The company operates the block with 90% interest. Niko Resources Ltd. has the remaining 10%.
Europe
The Black Sea is seeing more activity of late. Toreador Resources Corp. and its joint venture partners TPAO and Stratic Energy Corp. hit gas-bearing sands with the Akcakoca-3 well offshore Turkey late in 4Q 2006. The well encountered 81 net m (266 net ft) of gas-bearing sands in seven zones.
Akcakoca-3 is the 10th successful well drilled in the South Akcakoca sub-basin natural gas project and the first well drilled by Toreador and its joint venture partners to assess the reserve potential along the Akcakoca trend in waters too deep for jackup rig operations.
Toreador operates the South Akcakoca sub-basin with 36.75% interest.

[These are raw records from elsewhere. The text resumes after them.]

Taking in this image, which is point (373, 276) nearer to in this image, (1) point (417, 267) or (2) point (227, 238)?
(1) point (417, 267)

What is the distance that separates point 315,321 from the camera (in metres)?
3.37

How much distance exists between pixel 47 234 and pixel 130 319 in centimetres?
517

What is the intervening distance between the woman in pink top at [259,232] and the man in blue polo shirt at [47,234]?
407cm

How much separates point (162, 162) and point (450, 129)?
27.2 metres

TPAO has 51% interest, and Stratic owns the remaining 12.25%.
In the UK North Sea, AGR Peak Well Management, part of Norway’s Ability Group ASA (AGR) oil technology and services group, plans to undertake two drilling programs in 2007. The projects involve nine wells for six independent oil companies.
The projects will be carried out over a six- to seven-month period, with two drilling programs running in parallel, one scheduled to begin in April and the other in May.

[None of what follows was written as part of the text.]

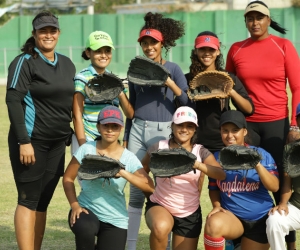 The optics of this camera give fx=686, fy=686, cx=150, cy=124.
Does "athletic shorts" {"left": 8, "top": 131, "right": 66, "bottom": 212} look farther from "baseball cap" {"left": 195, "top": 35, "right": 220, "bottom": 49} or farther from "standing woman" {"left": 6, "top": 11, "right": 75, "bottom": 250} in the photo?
"baseball cap" {"left": 195, "top": 35, "right": 220, "bottom": 49}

Antrim Resources (N.I.) Ltd. will drill three wells, Nautical Petroleum Plc. will drill two wells, Bow Valley will drill one well, Vermillion Rep SAS will drill one well, Ithaca Energy (UK) Ltd. will drill one well, and Xcite Energy Resources Ltd. will drill one well.
The drilling campaigns will be on licenses in the central and northern North Sea.
Ability Group expects to plan and manage 26 wells for oil companies by the close of 2006 in spite of the tightness of the rig market.
Caspian
The Shah Deniz development in the Azerbaijan sector of the Caspian Sea became one of the world’s largest producing gas fields in mid-December.
With a 25.5% working interest, Statoil operates the Azerbaijan Gas Supply Co., which is responsible for selling output from this BP-operated discovery.
Statoil also has an 8.56% working interest in the Azeri-Chirag-Gunashli field in the Caspian. The Central Azeri component came on stream in 2005.
Some Shah Deniz gas will be sold domestically, but most is going to Turkey, with a portion going to Georgia through the new South Caucasus Pipeline.
This transport system stretches for 690 km (429 mi), paralleling the Baku-Tbilisi-Ceyhan oil pipeline from Azerbaijan to the Georgia-Turkey border.
According to BP, Shah Deniz will reach plateau production of roughly 9 bcm annually in 2009.